Occasionally I’ll even see “the Man” himself. My mother
and I will wander into his wood-paneled office, where Mr. Farrell will sternly tousle my hair, say a few kind words and send me on my privileged way. Some days, come five o’clock, I’ll meet my mother at closing time and we will be amongst the last to leave. With the building empty, its fluorescent lights out, its cubicles deserted and the evening sun shining through the glass doors and reflecting
off the hard linoleum floor of the entryway, it’s as if the building itself is silently resting from its daily efforts in the service of our town. My mother’s high heels echo down the empty aisle and we are out onto the street. She strides along statuesque, demanding respect; I am proud, she is proud. It’s a wonderful world, a wonderful feeling. We are handsome, responsible members of this one-dog
burg pulling our own individual weight, doing what has to be done. We have a place here, a reason to open our eyes at the break of day and breathe in a life that is steady and good.
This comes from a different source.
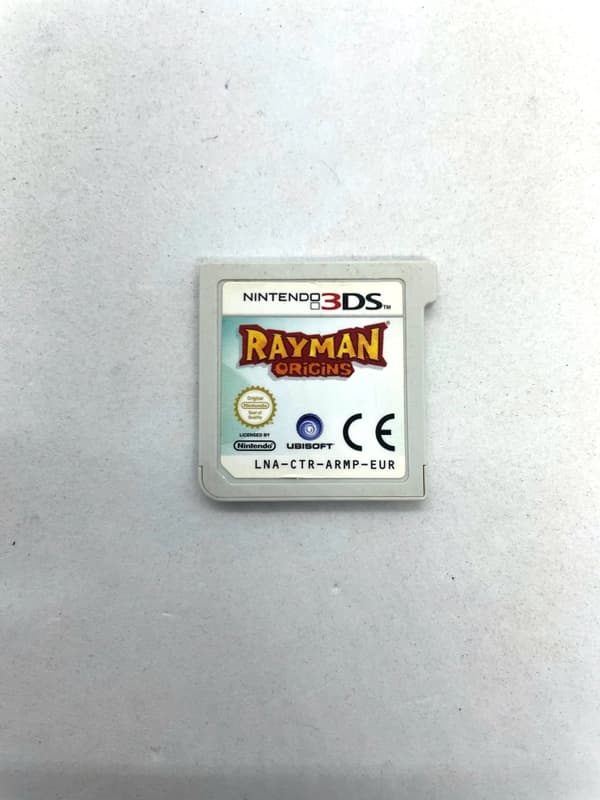 Rayman Origins Nintendo 3DS (game only)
Truthfulness, consistency, professionalism, kindness, compassion, manners, thoughtfulness, pride in yourself, honor, love, faith in and fidelity to
your family, commitment, joy in your work and a never-say-die thirst
for life. These are some of the things my mother taught me and that I struggle to live up to. And beyond these . . . she was my protector, stepping literally into the breach between my father and me on the nights his illness got the best of him. She would cajole, yell, plead and command that the raging stop . . . and I protected her. Once, in the middle of the night, my father returning from another
lost evening at the tavern, I heard them violently arguing in the kitchen. I lay in bed; I was frightened for her and myself. I was no more than nine or ten but I left my room and came down the stairs with my baseball bat. They were standing in the kitchen, my father’s back to me, my mother inches away from his face while he was yelling at the top of his lungs. I shouted at him to stop. Then
I let him have it square between his broad shoulders, a sick thud, and everything grew quiet. He turned, his face barroom red; the moment lengthened, then he started laughing. The argument stopped; it became one of his favorite stories and he’d always tell me, “Don’t let anybody hurt your mom.”